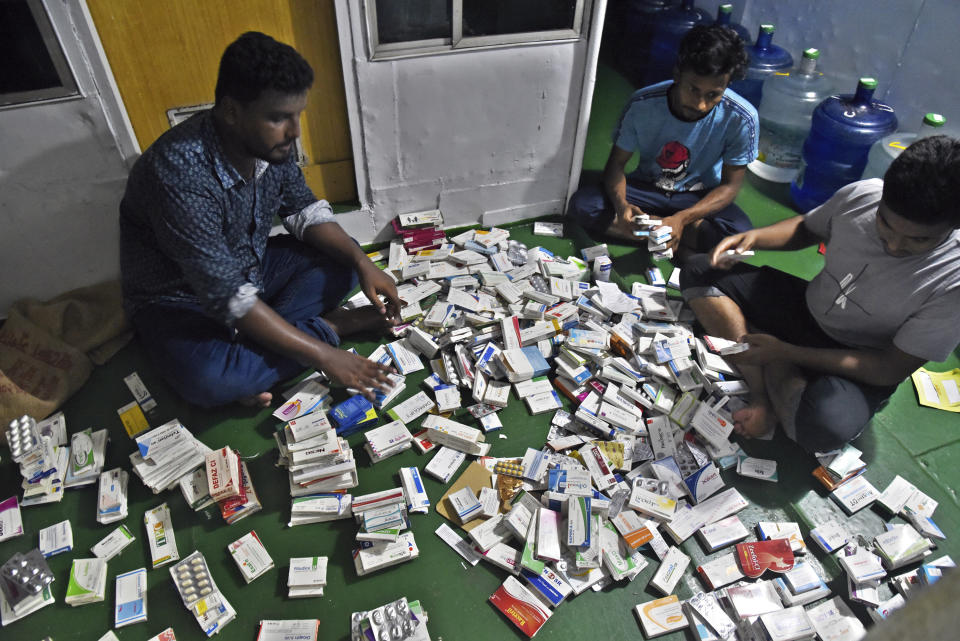 In this photo provided by Bidyanondo Foundation, health workers sort medicines in their boat hospital at Banishanta near Mongla seaport in southwestern region of Bangladesh, on Sept. 1, 2020. A Bangladeshi charity has set up a floating hospital turning a small tourist boat into a healthcare facility to provide services to thousands of people affected by this year's devastating floods that marooned millions. (Bidyanondo Foundation via AP)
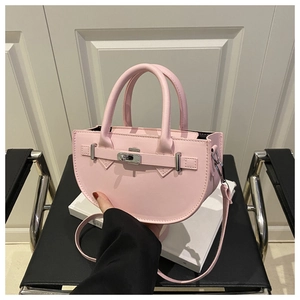 Detailed view of pink leather saddle bag featuring a silver twist lock and dual handles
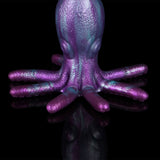 Close front view of purple octopus tentacle masturbator, textured suction-cup arms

-------

> _WHAT NEEDS TO BE DONE_
Reproduce the material exactly. Pictures stay out.

> _ANSWER FOR THE TASK_
 In this photo provided by Bidyanondo Foundation, health workers sort medicines in their boat hospital at Banishanta near Mongla seaport in southwestern region of Bangladesh, on Sept. 1, 2020. A Bangladeshi charity has set up a floating hospital turning a small tourist boat into a healthcare facility to provide services to thousands of people affected by this year's devastating floods that marooned millions. (Bidyanondo Foundation via AP)
 Detailed view of pink leather saddle bag featuring a silver twist lock and dual handles
 Close front view of purple octopus tentacle masturbator, textured suction-cup arms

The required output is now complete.